-- Exercise data follows --

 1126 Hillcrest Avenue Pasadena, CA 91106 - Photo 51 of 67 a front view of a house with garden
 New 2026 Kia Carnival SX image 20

-- Exercise data concluded --
-- Exercise data follows --

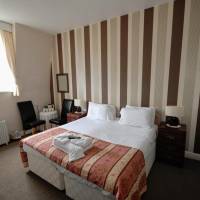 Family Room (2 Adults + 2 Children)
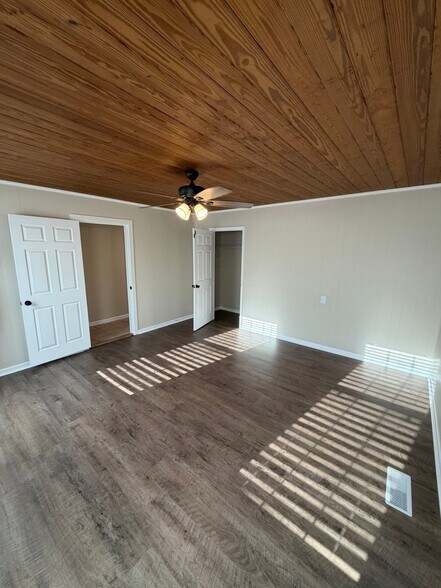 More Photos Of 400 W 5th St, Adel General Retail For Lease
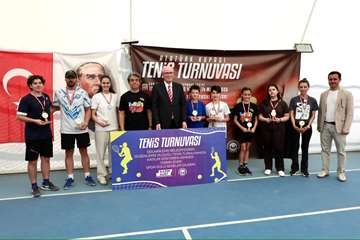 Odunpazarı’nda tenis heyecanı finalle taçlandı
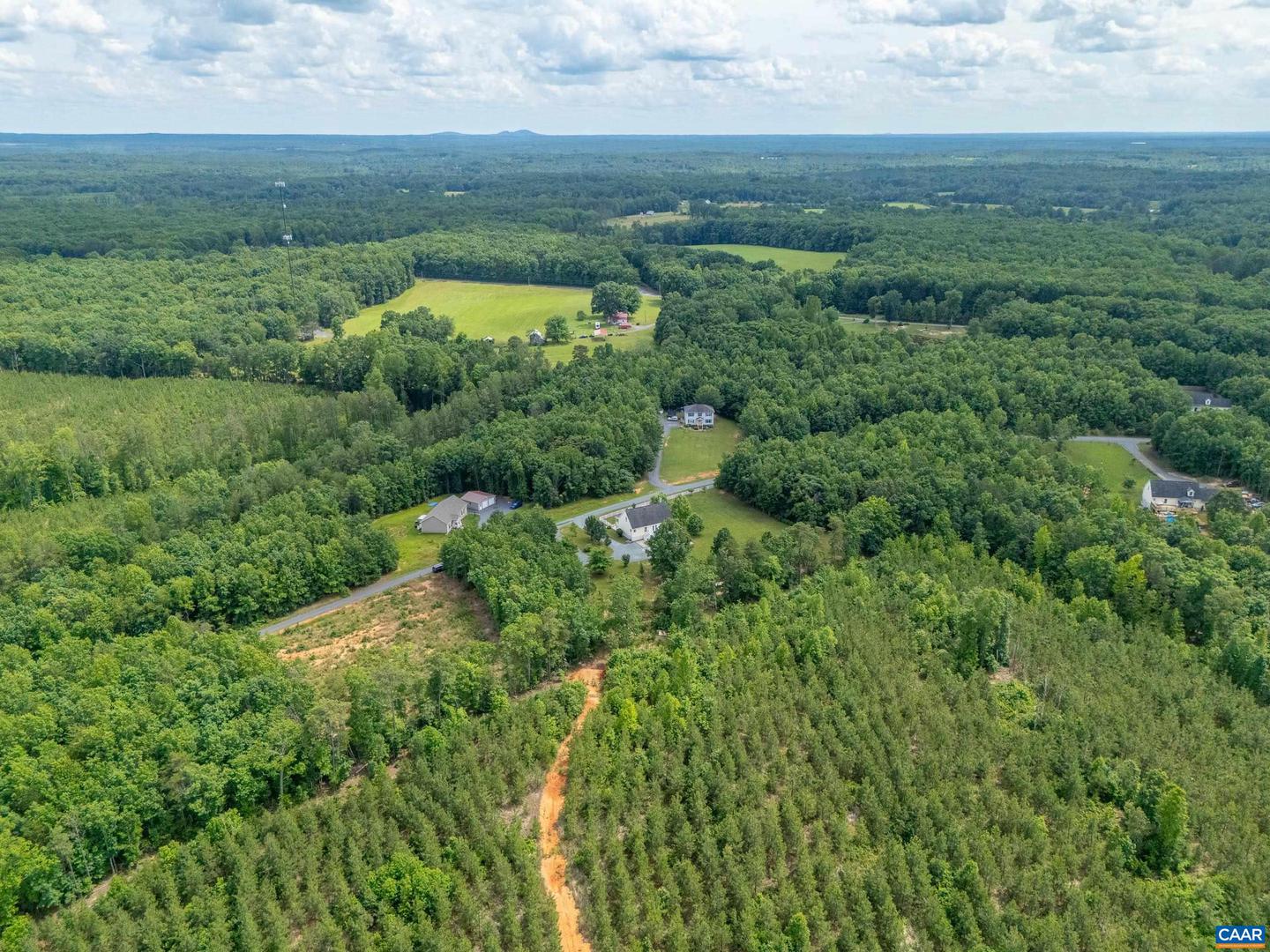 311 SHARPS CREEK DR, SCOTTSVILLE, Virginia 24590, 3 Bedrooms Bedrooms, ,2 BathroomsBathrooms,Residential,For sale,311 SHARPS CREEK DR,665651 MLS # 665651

-- Exercise data concluded --

Work instructions: Set down, exactly as they stand above, the lines starting with the line with "1126 Hillcrest Avenue" and going on through the line with "New 2026 Kia Carnival SX image 20", and no others.

Written answer:
 1126 Hillcrest Avenue Pasadena, CA 91106 - Photo 51 of 67 a front view of a house with garden
 New 2026 Kia Carnival SX image 20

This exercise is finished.